4 of 4 people found the following review helpful:
4.0 out of 5 stars
painfully honest but short on compassion,
By A Customer
This review is from: The Bride Wore Red (Paperback)
Robbie Clipper Sethi writes well. Her images are powerful and vivid. Her brutal honesty is refreshing to someone like me (an Indian who grew up in the U.S. and married an American man. I escaped the suffocating presence and expectations of Indian in-laws). However, most of her stories lack compassion for the Indian paradigm of family. I may have avoided the "down-side" of the extended family network but I am also missing out on the love, support and togetherness of an extended Indian family. Also, not all families are so difficult, ethnocentric, egocentric and--basically crazy. This book is a great starting point but clearly there are many more stories to tell.
3 of 3 people found the following review helpful:
4.0 out of 5 stars
Not Racist, Honest but with Humor,
By Only Me I Am (Boston, MA) - See all my reviews
This review is from: The Bride Wore Red (Paperback)
I was really surprised to see so many comments here use the word "Racist" and "sterotypical". I do not agree with any of those comments and found this book honest with humor spread throughout.

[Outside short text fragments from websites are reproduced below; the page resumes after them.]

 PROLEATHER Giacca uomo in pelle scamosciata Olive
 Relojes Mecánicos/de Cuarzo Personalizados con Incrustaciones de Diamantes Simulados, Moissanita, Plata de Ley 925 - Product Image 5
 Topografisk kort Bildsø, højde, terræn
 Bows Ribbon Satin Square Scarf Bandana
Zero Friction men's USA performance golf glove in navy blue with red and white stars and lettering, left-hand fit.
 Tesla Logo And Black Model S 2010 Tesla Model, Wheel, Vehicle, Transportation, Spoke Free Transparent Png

I am an anthropologist and have made my life work on North India. In the span of many years working both in India and the USA I have come in contact with many cross-cultural Indian/American marriages, including my own. My own marriage has had its cultural misunderstandings and differences but I have been extremely lucky in many regards. I can not say the same for many of the Indian/American couples I have met along the way. Many of this author's stories echo their own. It is interesting to note that I read Indian authors extensively and have found a far harsher look at Indian culture through their own books yet I do not see anyone claiming they are racist. Is it possible that it is ok to make these statements only if you are Indian, rather than someone who has married into an Indian family? I am not trying to get a fight started here but I do beleive that the criticisms I have read are very unfair to this author. I actually recommend this book for anyone who is Non-Indian marrying into a NORTH Indian family, be it Sikh or Hindu. Thanks for reading!

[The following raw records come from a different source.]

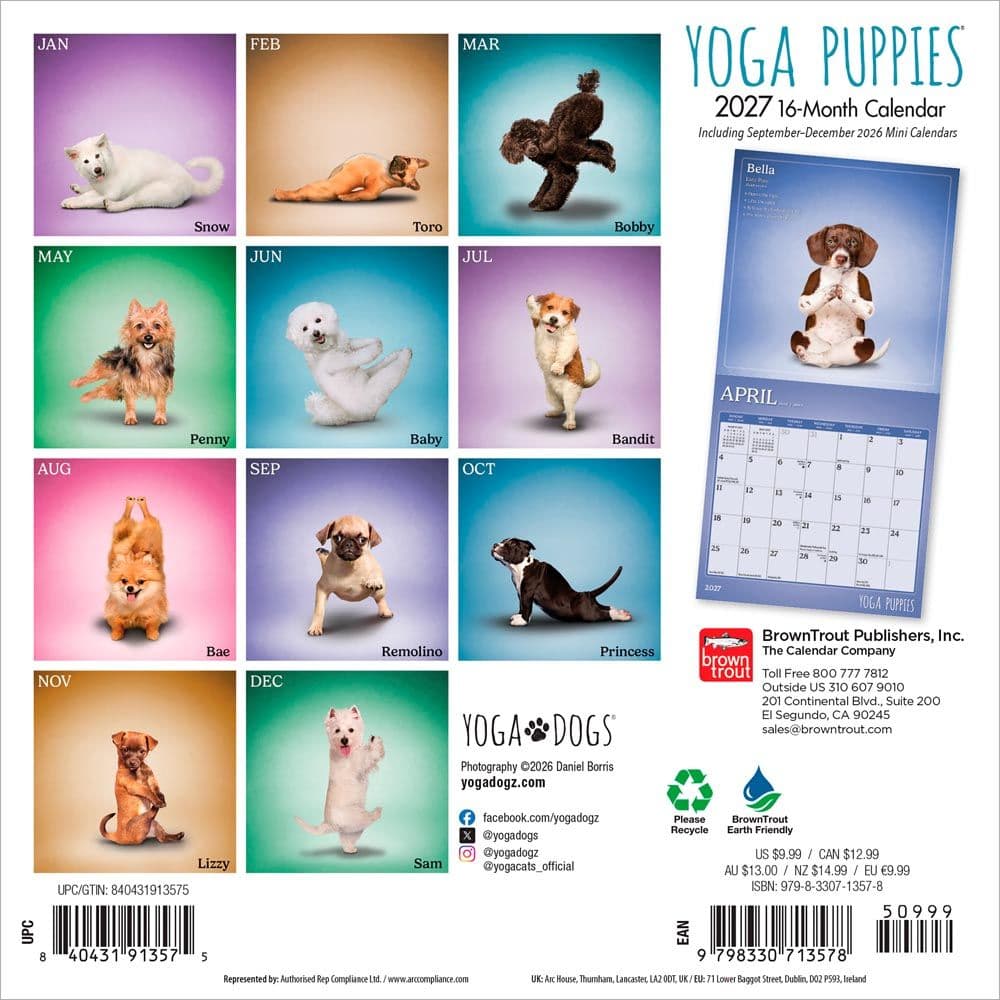 Yoga Puppies 2027 Mini Wall Calendar First Alternate Image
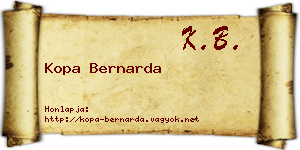 Kopa Bernarda névjegykártya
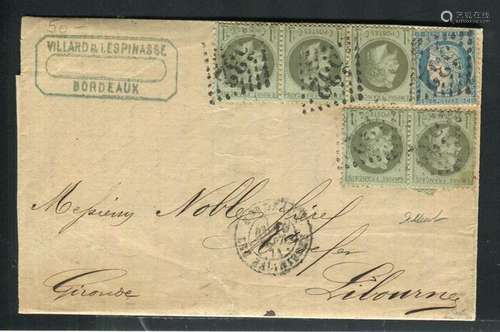 France 1871 - Rare lettre de Bordeaux pour Libourne avec les...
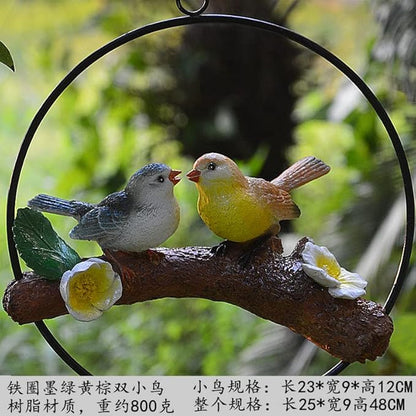 Mini Garden Statues Hanging Iron Ring Parrots, Resin Parrot Hanging Statue, Hanging Birds Figurine for Pathways Yard Patio Office Home Indoor Outdoor Tree Decorations (F-1)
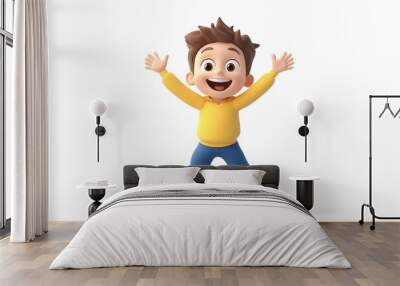 Cheerful cartoon boy jumping with joy and excitement in a bright yellow sweater and blue pants, expressing happiness and energy Wall mural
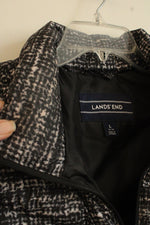 Lands' End Black and White Printed Zip-up Puffer Vest | L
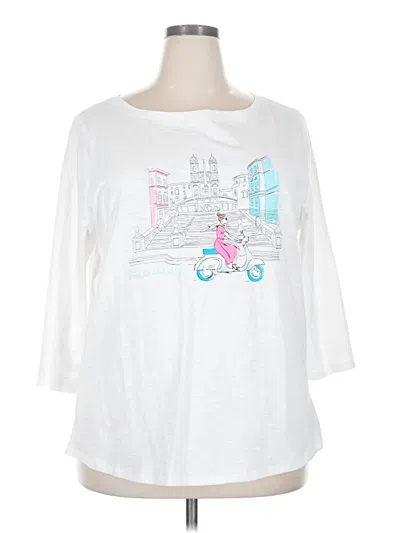 Pre-owned Talbots 3/4 Sleeve T-shirt In White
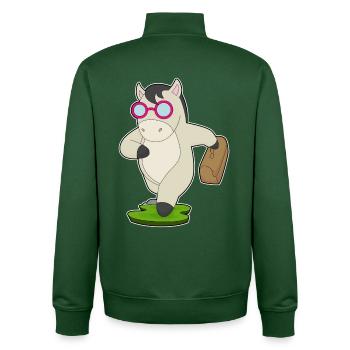 Mallette pour entrepreneur cheval - Sweat zippé unisexe en coton bio Stanley/Stella - vert bouteille - Dos - AI Model Male 185 dark (185cm)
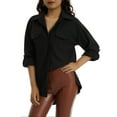 thumbnail image 4 of Franhais Women Button-Down Shirt Office Ladies Irregular Solid Color Long Sleeve Lapel Blouse Casual Loose Blouses With Pockets（S-XL）, 4 of 9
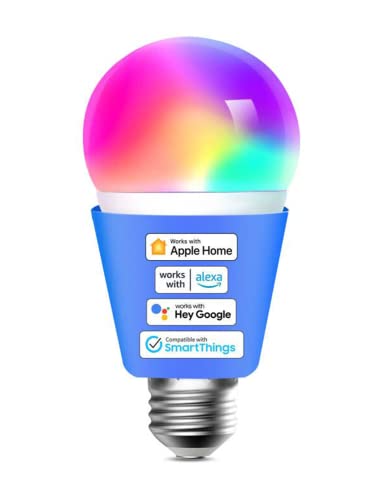 meross Smart WLAN Glühbirne funktioniert mit Apple HomeKit, Wifi Lampe LED Mehrfarbige Dimmbare Glühbirne kompatibel mit Siri, Alexa, Google Home und SmartThings, E27 Warmweiß von meross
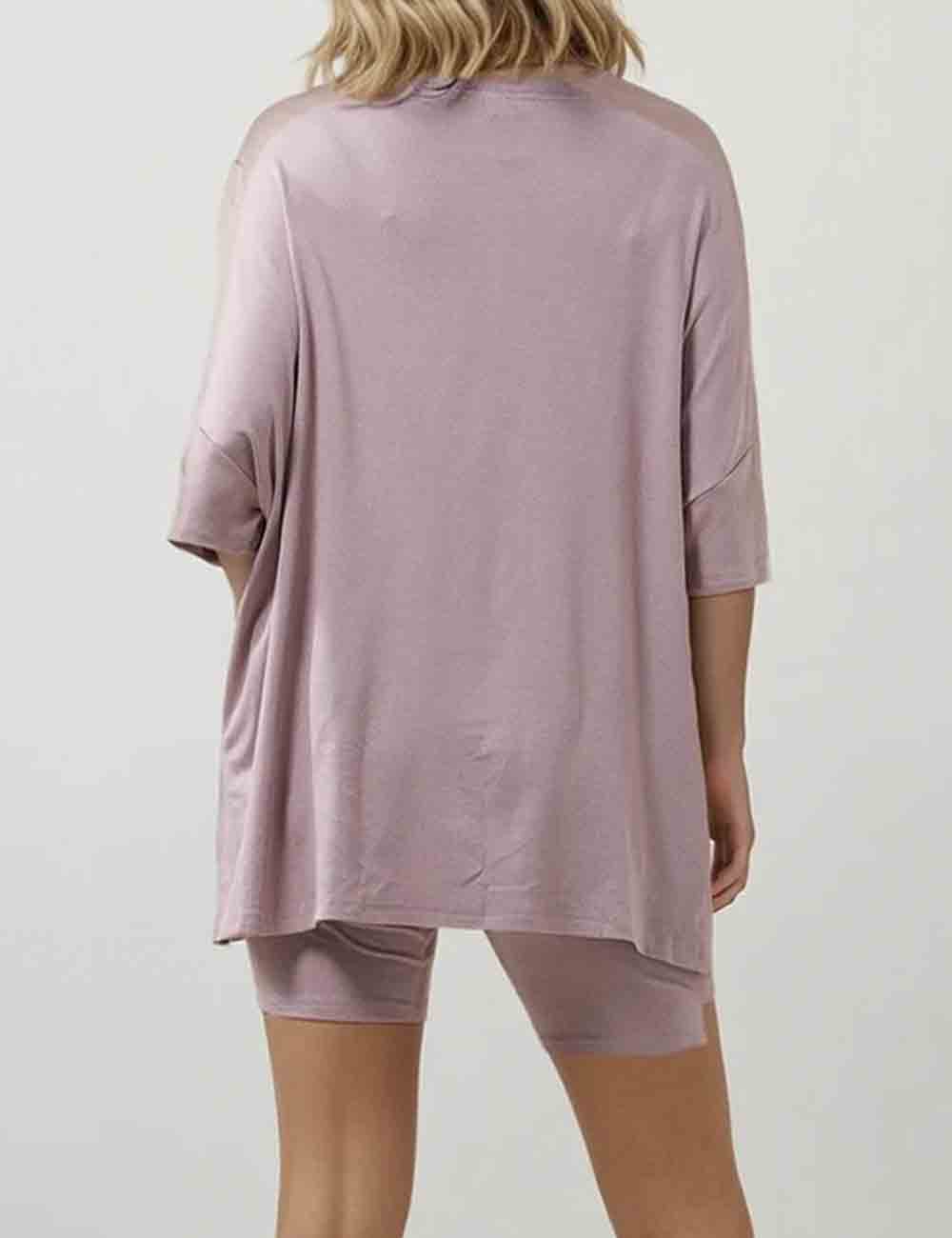 Ladies Solid Loungewear Outfits Loose Top & Slim Shorts Set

4 of 5 people found the following review helpful:
1.0 out of 5 stars
Well written but makes non indians look like horrible people,
By A Customer
This review is from: The Bride Wore Red (Paperback)
I read this book in hopes of understanding what an american writer who is married to an indian thinks about my culture. It was sad. A lot of the descriptions of the indian culture were true but the non indians seemed that they lacked understanding. It made me feel that I have a lucky situation in that my significant other respects my culture. No wonder there are so many inter-racial(meaning indian and american) marriages that end in divorce. It is disheartening.
4 of 5 people found the following review helpful:
4.0 out of 5 stars
Insightful and entertaining,
By A Customer
This review is from: The Bride Wore Red (Paperback)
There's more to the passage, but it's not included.